Day 21: Which RPG does the most with the least words?


I'm not typically a believer that "older is better" but in the case of this category ... it's going to be a lot of old stuff I suspect. So much of the RPG scene is caught up in 300-400 page giant core books supported by 10 - 100  supplements that it's hard to believe how little entire product lines used to be! I looked around my library and checked some page counts before I started writing this and it's amazing how book sizes and book numbers have crept up.

Ignoring D&D as the one example everyone knows about, here are some others:

  • Gamma World 1st-2nd-3rd editions are all right around 64 page booklets. The later two add in an intro adventure that adds some page count. It's incredible the amount of time we spent playing in these. Years and years of fun from one 64-page book and some adventures plus a whole lot of imagination and paper.
  • Original Traveller: three 48 page books that covered a fairly detailed character generation system, task resolution, combat, ship construction and combat, and system generation. We played for years with this just set and maybe an adventure. We did pick up supplements but the core box alone was a ton of material.
  • Marvel Super Heroes: a 16 page intro book and a 48 page campaign book along with some stat cards for famous characters had us off to the races. That universal table covered everything in a short and sweet way. There were adventures of course, but most of the early supplements added official writeups for Marvel characters, not new rules. 
Looking at my shelves and thinking back most of those early games and adventures were under 200 pages total even with a full boxed set treatment. Most of the time the ideas was "here is how to play mechanically, here are some adventure ideas, and here are a few notes about a setting" and that was it! Nowadays though the books are better in a lot of ways I think you could trim a lot of them back by a third to a half and it would only improve them. 

In most cases you get a bunch of pages on character creation, but you're going to get "advanced" character creation a month or two after the book releases with even more options. This is not new, Traveller in particular pioneered the "extra book for each character type" approach in the early 80's. Why not make a conscious effort to go minimal on this if you're just going to redo it anyway?

You get a chapter on the setting in the core book, but you're going to get another big book on the setting anyway in most cases, plus you may get regional or era-type sourcebooks that go into far more detail as well. Can we separate rules and setting as a matter of routine?
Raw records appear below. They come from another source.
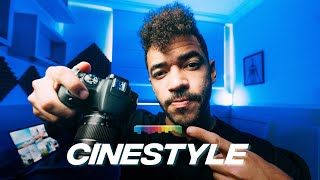 Como INSTALAR o CINESTYLE na CANON SL2 e CANON SL3 [upl. by Iaria]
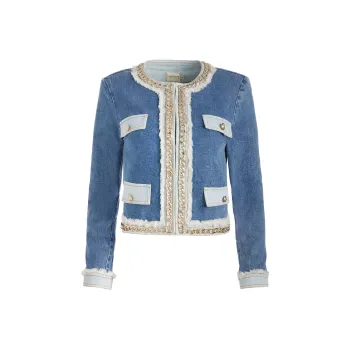 ALICE+OLIVIA Landon Cropped Jacket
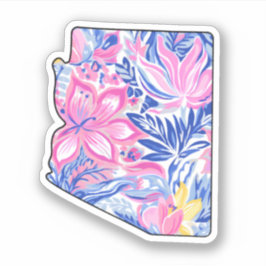 Pegatina de verano de Arizona - 3" x 3" - Inspirad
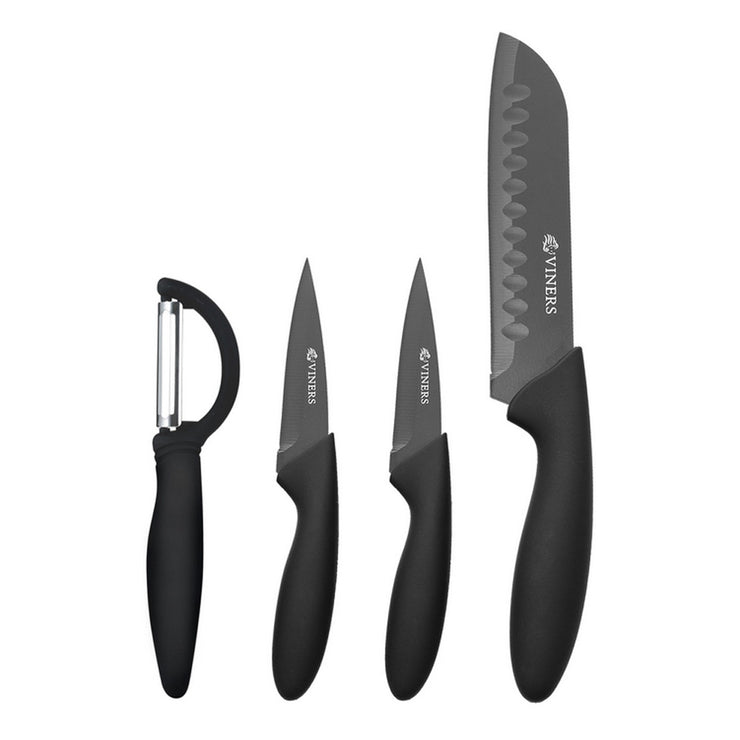 Viners Everyday 3 Piece Kitchen Knife Set & Peeler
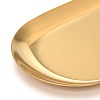 Oval 430 Stainless Steel Jewelry Display Plate STAS-P289-03G-3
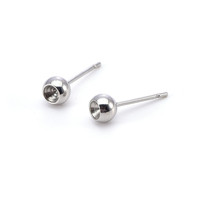 Boucles d'oreilles boule en acier inoxydable avec strass de clous d'oreille avec anneaux de boucle Boucles d'oreilles de bijoux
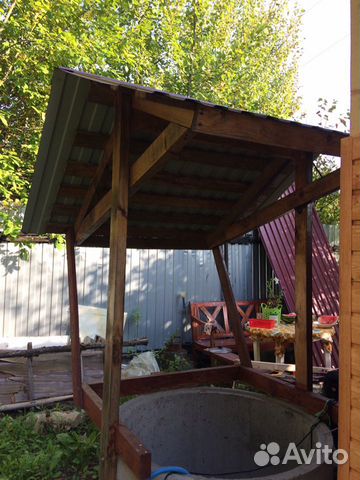 Навес для колодца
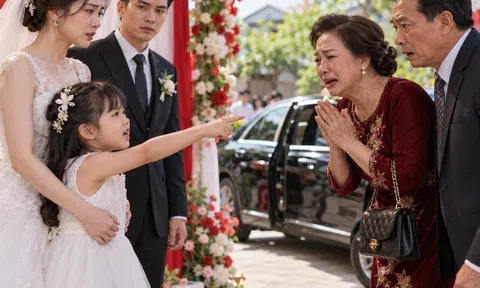Ngày tôi tái hôn, bố mẹ chồng cũ lái xe sang đến dự, con gái tôi nói một câu khiến họ chết lặng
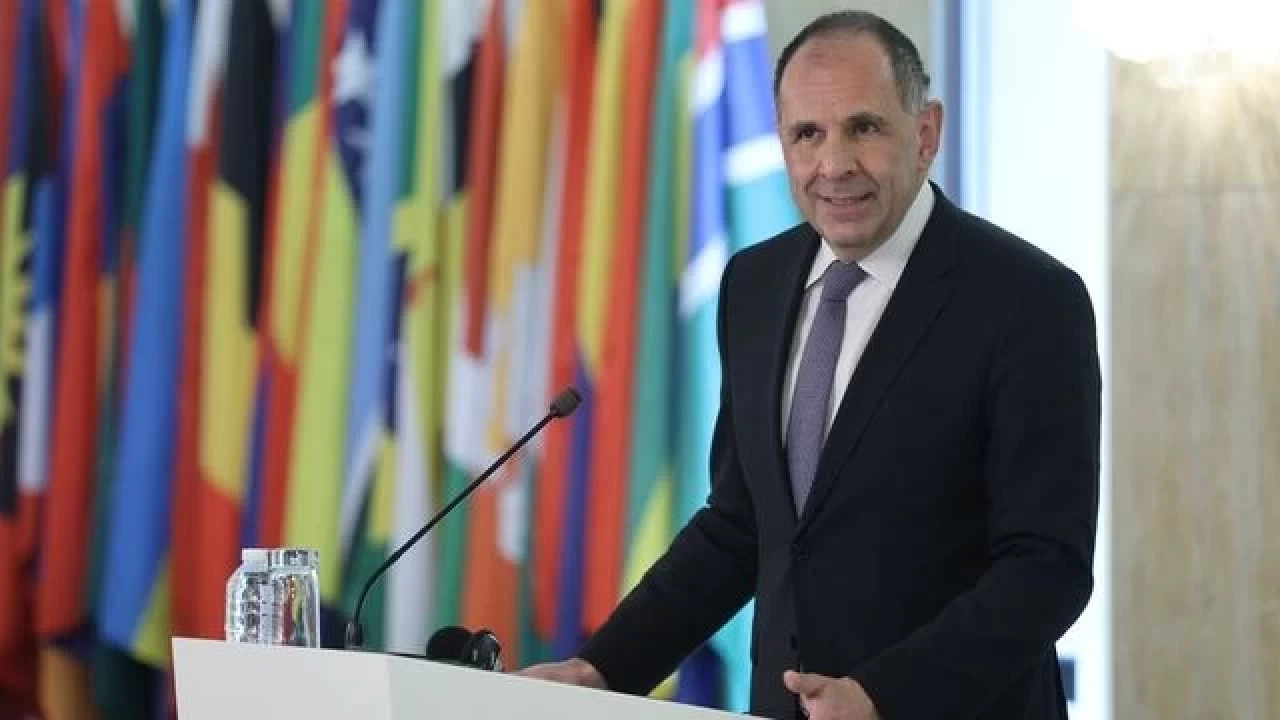 Yunanistan Dışişleri Bakanı Yerapetritis, Suriye'de hukuk ve diplomasi konularını ele aldı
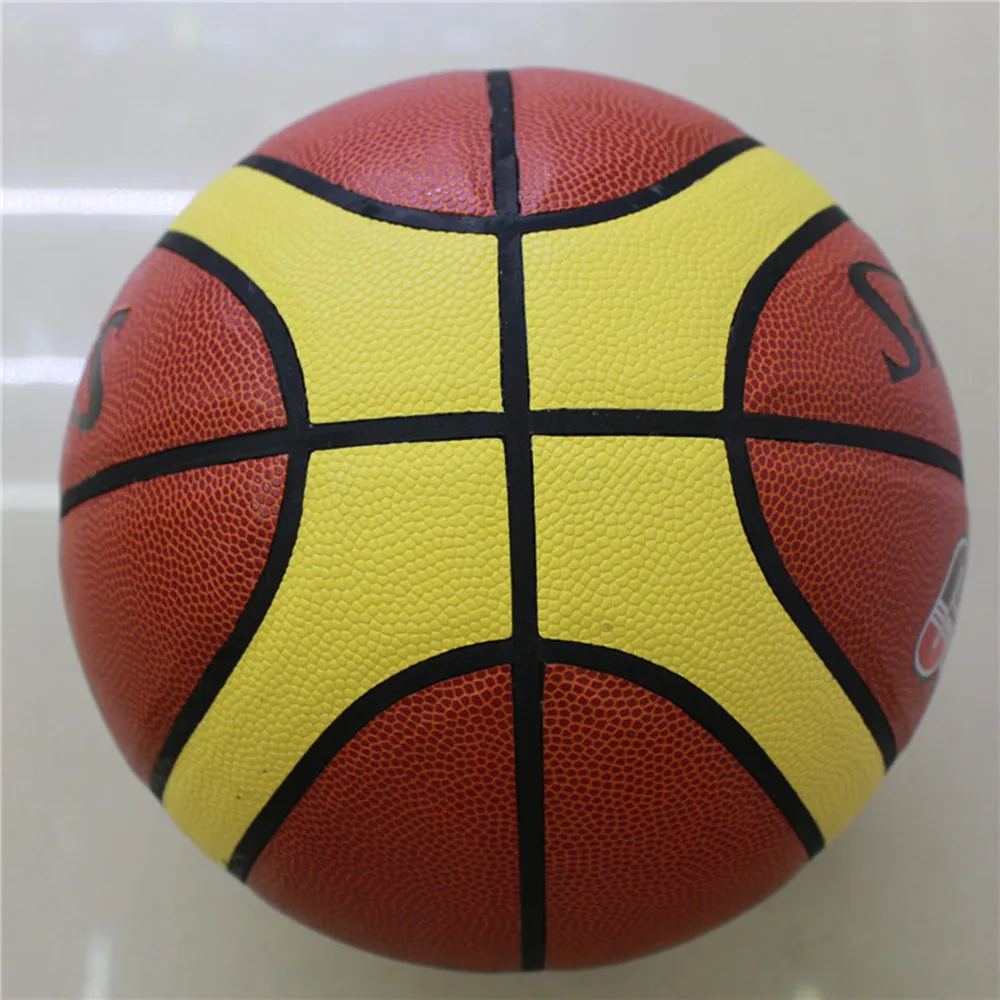 כדורסל 7 גודל גודל קבוצת כדורסל, כדור אימון כדור תלמיד תיכון כדורסל חומר PVC הכדור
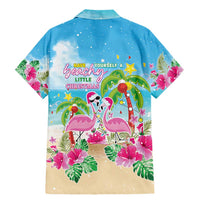 Hawaii Christmas Family Matching Mermaid Dress and Hawaiian Shirt Deck The Palms Holiday Flamingos
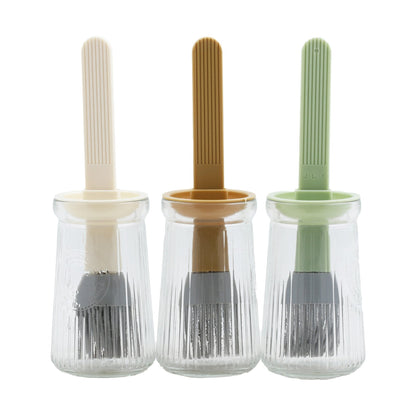 Set of 3 - Oil Dispenser Bottle with Silicone Brush Techmanistan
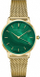 Orë dore për femra Rosefield The Pearl Edit Emerald PEGMG-R10, e artë/gjelbër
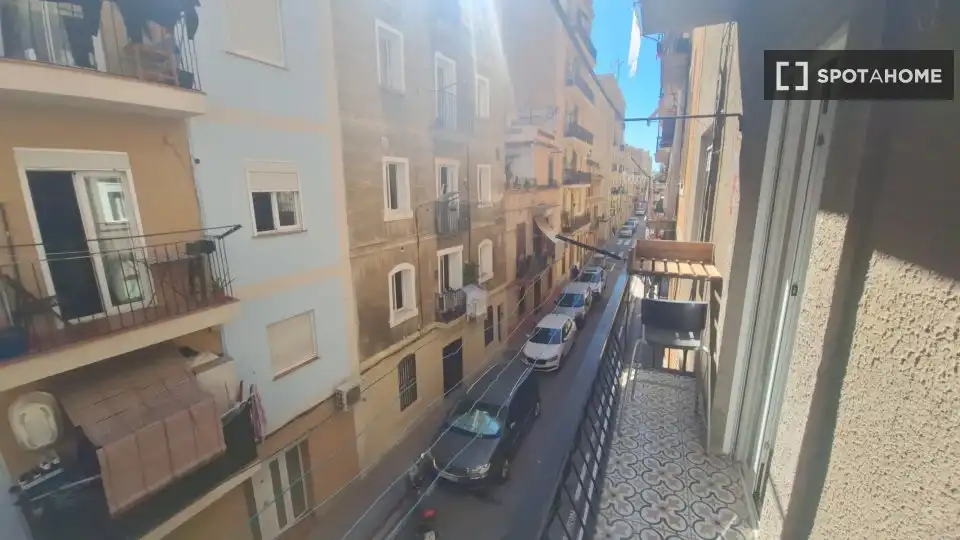 Vista exterior de Pis de lloguer en Barcelona amb Aire condicionat, Calefacció i Moblat
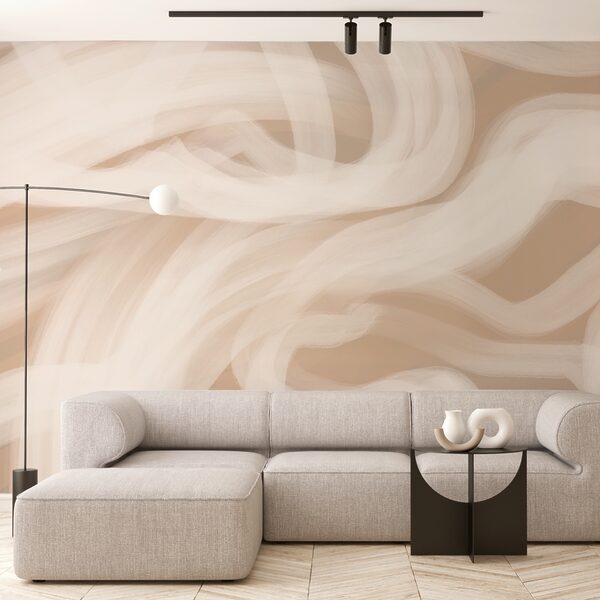 Tourbillons blancs sur fond beige Tourbillons blancs sur fond beige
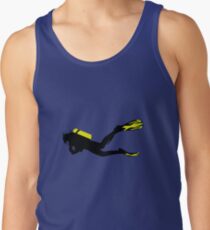 Sport Stilisiert - Taucher mit Taucherflasche und Flossen Tanktop für Männer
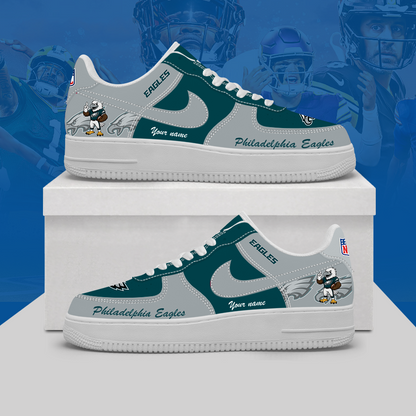 [TOUCHDOWN DEAL] NEW CUSTOMIZED NFL02 PPE PHILADELPHIA EAGLES AF1 SHOES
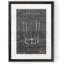 «Barware Blueprint I» par Paul Cezanne - reproduction d'art encadrée-1686474090-1687301480-1687301524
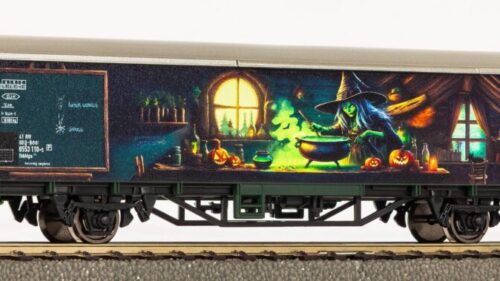 PIKO 27901 Ged. Güterwagen Halloween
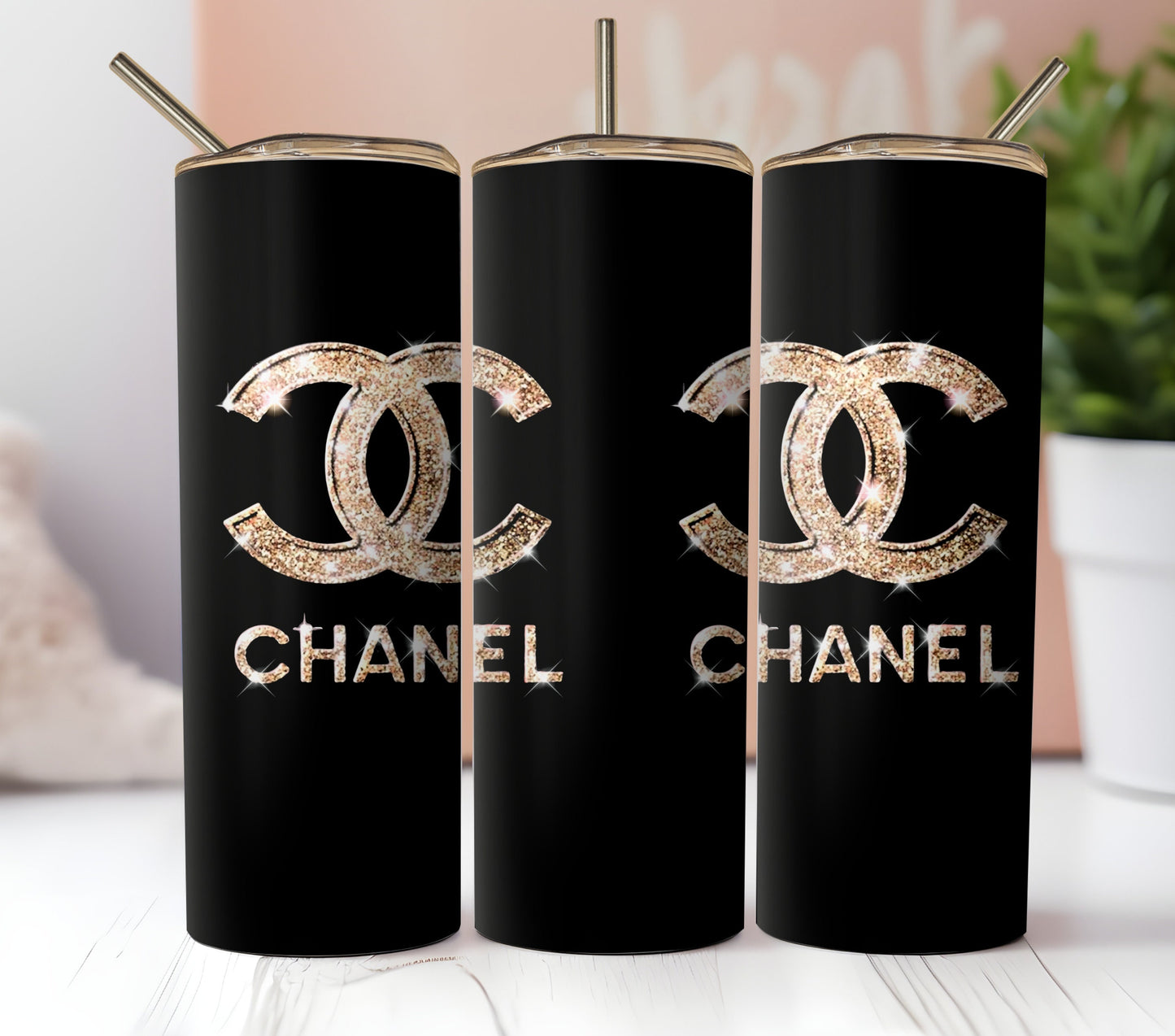 Bling Glamour Tumbler Wrap Designs. 6 Glitter Seamless Digital Sublimation Files. 2 Purple, 2 Black. One Pink and One Jean.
My #1 example of a game that does the most with the fewest words is this:


The 1st & 2nd editions of Champions gave us a detailed system for creating and playing superheroes in 80 pages. The boxed set added a 16-page adventure that added some ideas on locations and plot, an ongoing enemy organization, and some additional villains but even counting that you had a complete superhero solution in under 100 pages. I think that's pretty remarkable. Later editions may have ballooned it up into far more than that but in the early days Champions was one efficient little game system.